*** DATA BELOW Section Begins ***

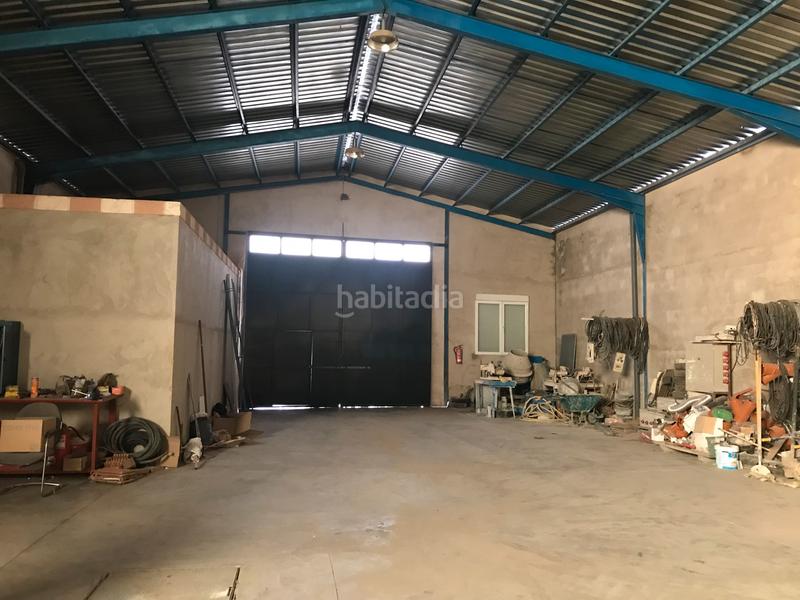 Foto 142ba569-3748-4102-8539-72da308ee0fa. Nau industrial a Tomelloso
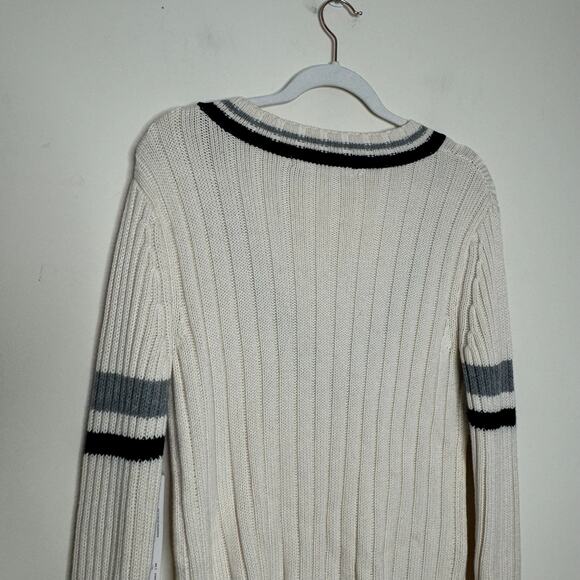 One Grey Day Zoe V-Neck Pullover Sweater - Beige NWT Size Small - Picture 5 of 8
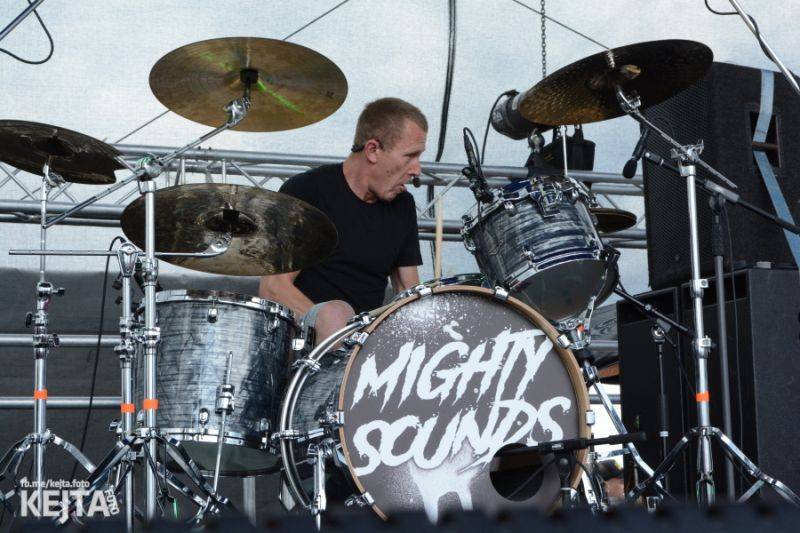 Druhý den Mighty Sounds: V Táboře úřadovaly zahraniční hvězdy Gogol Bordello a The Adicts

*** DATA BELOW Section Ends ***

→ EXERCISE AIM: Would you please retype the material above exactly and leave out each picture?

→ WRITTEN RESPONSE:
 Foto 142ba569-3748-4102-8539-72da308ee0fa. Nau industrial a Tomelloso
 One Grey Day Zoe V-Neck Pullover Sweater - Beige NWT Size Small - Picture 5 of 8
 Druhý den Mighty Sounds: V Táboře úřadovaly zahraniční hvězdy Gogol Bordello a The Adicts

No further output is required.